Prior to launching Les P’tits Nids, while working on a personal project, they discovered the quality craftsmanship of the French company Guérin-Brémaud, which is classified as a SCOP (Société Coopérative et Participative); employees hold at least 51% of the share capital and 65% of the voting rights. They knew they wanted to work with Guérin-Brémaud on the construction of their tiny houses.
“SCOP is a rather particular kind of business where most of the employees own two and a half shares of the company. The implication and know-how are significant.
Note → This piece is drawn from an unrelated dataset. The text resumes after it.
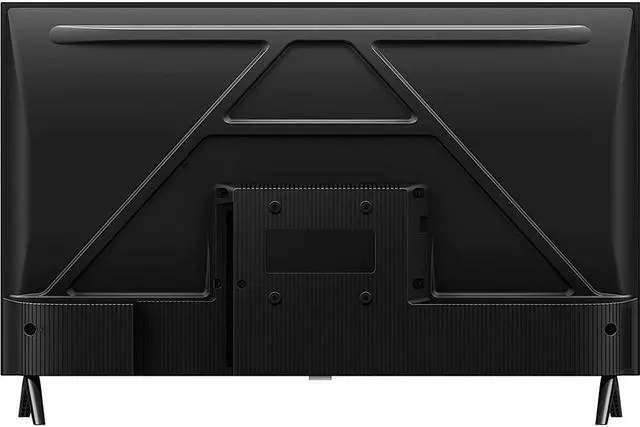 Alt view image 4 of 4 - TCL 32S359 32 inch LED 3-Series Smart HD TV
For us, to bring our idea to life, it was with [Guérin-Brémaud] or not at all,” Andréa Guerin said in a phone interview with ArchiExpo e-Magazine.
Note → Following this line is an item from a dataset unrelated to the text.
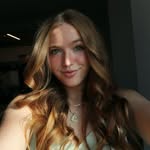 ali b - @alana.bergin - Instagram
Despite the increasing interest in tiny houses, with more people talking about it and news reports on the TV in France, those embarking on a tiny house project still confront resistance from certain members of town governments because as soon as they hear the term “a lightweight home”, they imagine a home fitting for a travel lifestyle.
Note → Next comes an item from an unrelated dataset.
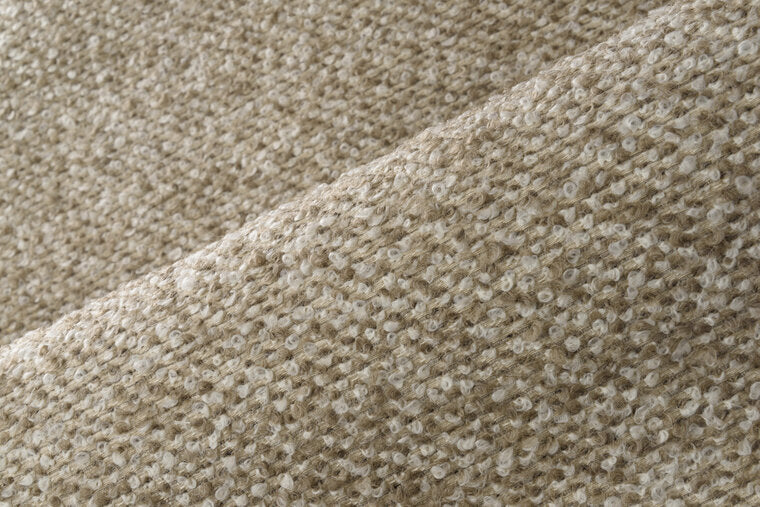 ARTE Atacama behang 74011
“For many of them, the nomadic lifestyle is synonymous with “messy land”. It involves people who leave things on the land—a washing machine in the front lawn, for example.”
In order to combat the prejudice of preconceived notions, that the tiny house is a partially built home with missing blocks, they present architectural plans and renderings to the town officials who approve permits and explain how their homes respect nature and legislation.
“We designed our houses to be used as year-round principal residences so we worked on maximizing storage space and insulation. What we’ve been observing since we began commercializing our houses, though, is that we have more rental projects or extensions than principal residences. The rental projects include secondary homes and Airbnb houses, while extensions include office spaces and guest rooms.”
They have three models—the Pélican was released at the end of last year—and a customizable option, called Hibou Rouge (Red Owl). Although they’re open to new ideas in line with customer needs, they have to respect shipping restrictions and standards as 90% of the house is built in their factory, then shipped. The house can be fully delivered “key in hand” or partially constructed; it’s placed on a pile foundation. The signature of the P’tits Nids is the style of the roof and the structure which resembles a typical house but with rounded corners.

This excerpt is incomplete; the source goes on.